Counting tropical storms that occurred before the advent of aircraft and satellites relies on ships logs and hurricane landfalls, making many believe that the numbers of historic tropical storms in the Atlantic are seriously undercounted. However, a statistical model based on the climate factors that influence Atlantic tropical storm activity shows that the estimates currently used are only slightly below modeled numbers and indicate that the numbers of tropical storms in the recent past are increasing, according to researchers.
"We are not the first to come up with an estimate of the number of undercounted storms," says Michael E. Mann, associate professor of meteorology, Penn State, and director of the Earth System Science Center.
In the past, some researchers assumed that a constant percentage of all the storms made landfall and so they compared the number of tropical storms making landfall with the total number of reported storms for that year. Other researchers looked at ship logs and ship tracks to determine how likely a tropical storm would have been missed. In the early 1900s and before, there were probably not sufficient ships crossing the Atlantic to ensure full coverage.
The researchers report in the current issue of Geophysical Review Letters "that the long-term record of historical Atlantic tropical cyclone counts is likely largely reliable, with an average undercount bias at most of approximately one tropical storm per year back to 1870."
The previously estimated undercounts of three or more storms are inaccurate.
"We have a very accurate count of Atlantic tropical cyclones beginning in 1944 when aircraft became common," says Mann. "In the 1970s, satellites were added to that mix."
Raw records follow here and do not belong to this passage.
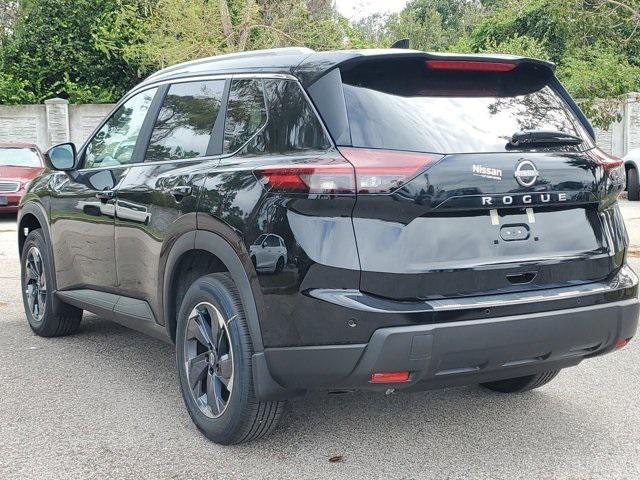 new 2025 Nissan Rogue car, priced at $34,240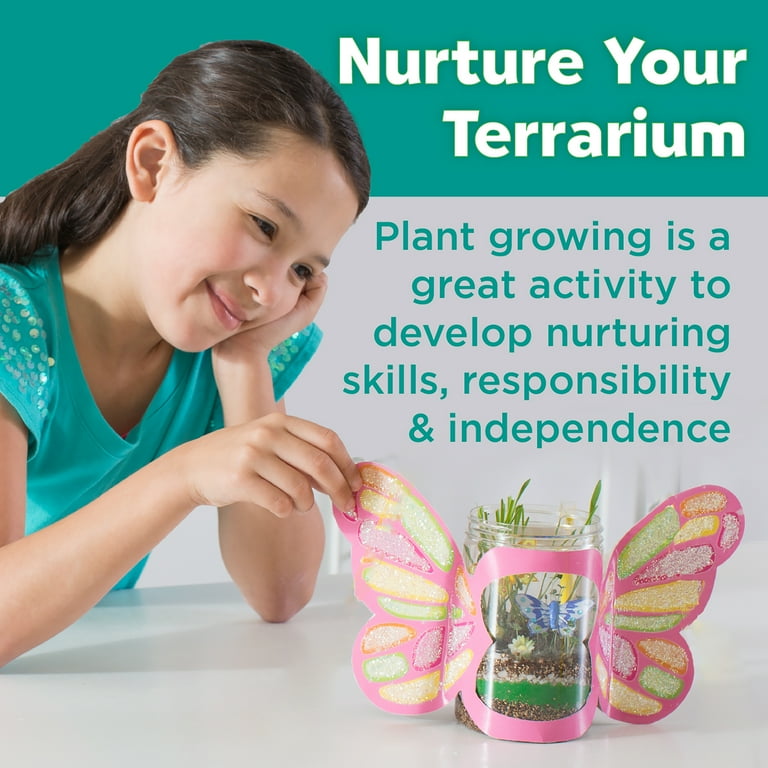Sparkle N' Grow Butterfly Terrarium Sparkle N' Grow Butterfly Terrarium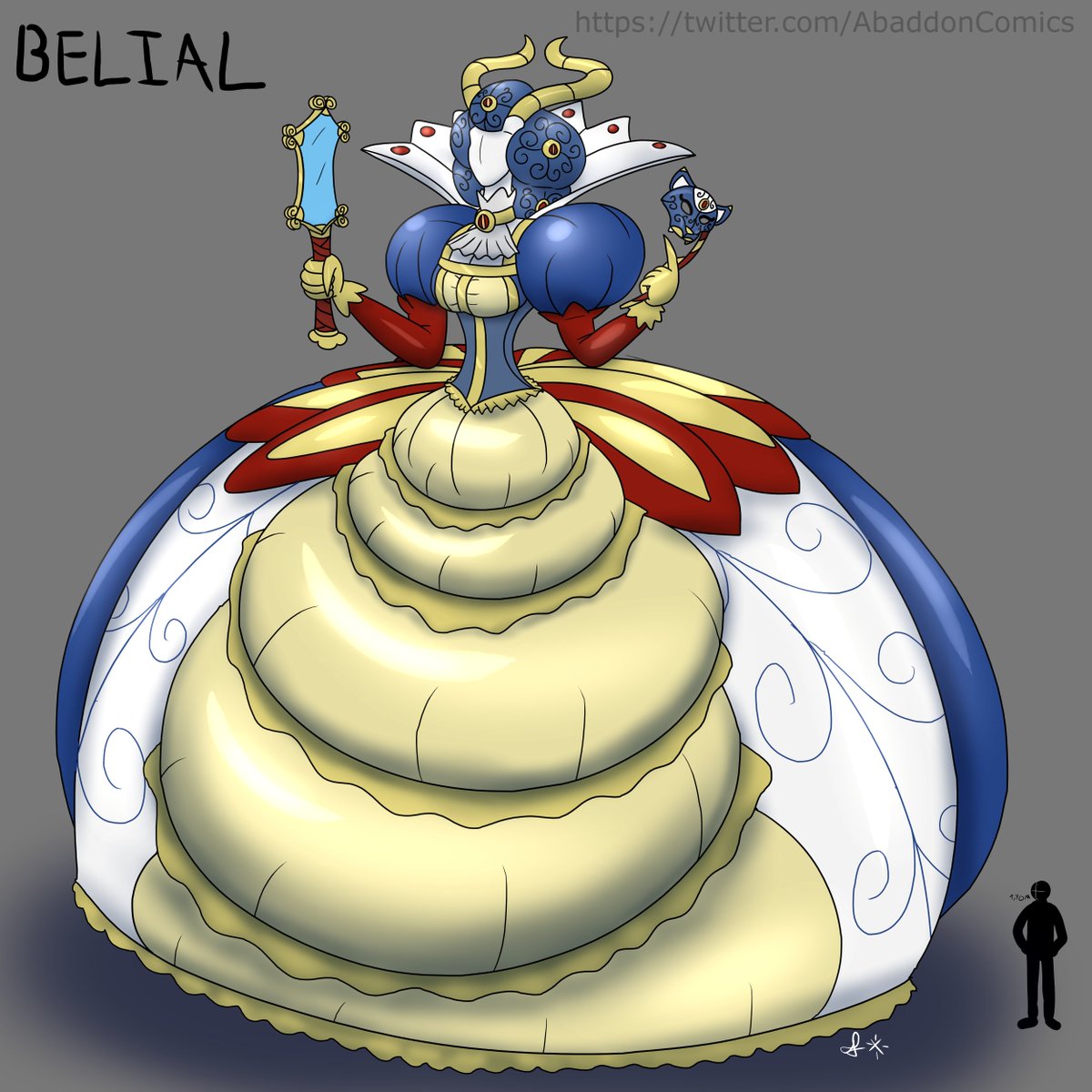 AbaddonComics's tweet photo. Belial Demonqueen of Pride

#Belial #abaddoncomics #comics #comic #ComicArt #demon #abaddon #lucifer #comicbooks #HelluvaBoss https://t.co/OLDVoKQtCq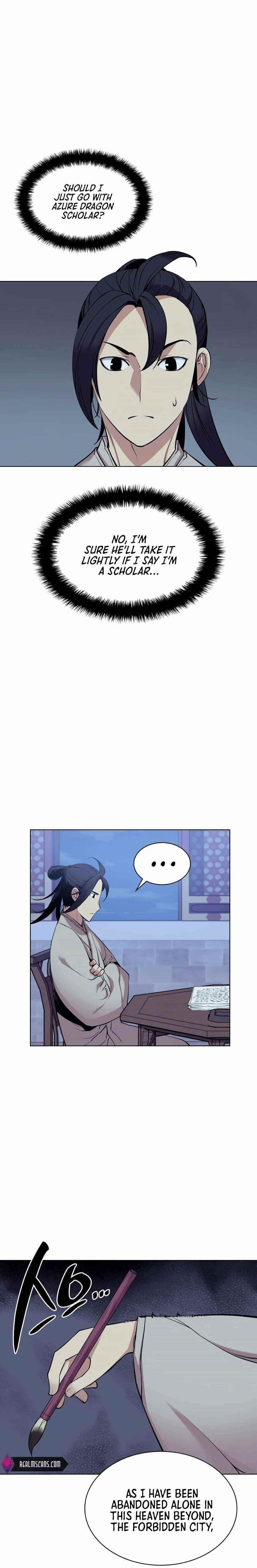Records of the Swordsman Scholar Chapter 5 - Page 28 in English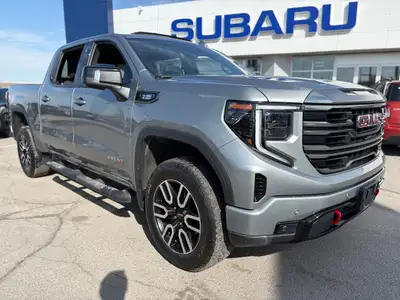 Do not miss out on this stunning, low mileage and very well equipped 2023 Sierra AT4 ! Nicely option...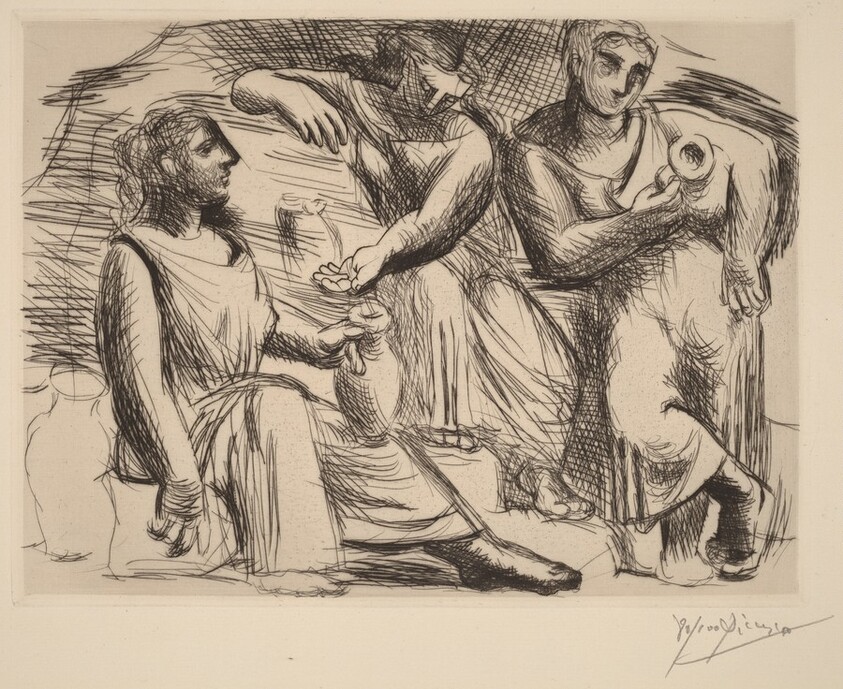 The Spring (La source)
With more than 60 years of accurate hurricane counts, the researchers, who included Thomas Sabbatelli, an undergraduate in meteorology and the Schreyer Honors College at Penn State, and Urs Neu, a research scientist at ProClim, Swiss Academy of Sciences, looked at other, independent ways to determine the number of hurricanes before 1944.
They looked at how the cycle of El Nino/La Nina, the pattern of the northern hemisphere jet stream and tropical Atlantic sea surface temperatures influence tropical storm generation by creating a model that includes these three climate variables. The information is available back to 1870.
The statistical model proved successful in various tests of accuracy. The model also predicted 15 total Atlantic tropical storms with an error margin of 4 before the current season began. So far, 14 storms have formed, with a little more than one week left in the season.
The model, trained on the tropical storm occurrence information from 1944 to 2006 showed an undercount before 1944 of 1.2 storms per year. When the researchers considered a possible undercount of three storms per year, their model predicted too few storms total. The model only works in the range of around 1.2 undercounted storms per year with the climate data available. The model was statistically significant in its findings.
"Fifty percent of the variation in storm numbers from one year to the next appears to be predictable in terms of the three key climate variables we used," says Mann. "The other 50 percent appears to be pure random variation. The model ties the increase in storm numbers over the past decade to increasing tropical ocean surface temperatures.
"We cannot explain the warming trend in the tropics without considering human impacts on climate. This is not a natural variation," says Mann.
"This . . . supports other work suggesting that increases in frequency, as well as powerfulness, of Atlantic tropical cyclones are potentially related to long-term trends in tropical Atlantic sea surface temperatures, trends that have in turn been connected to anthropogenic influences on climate," the researchers report.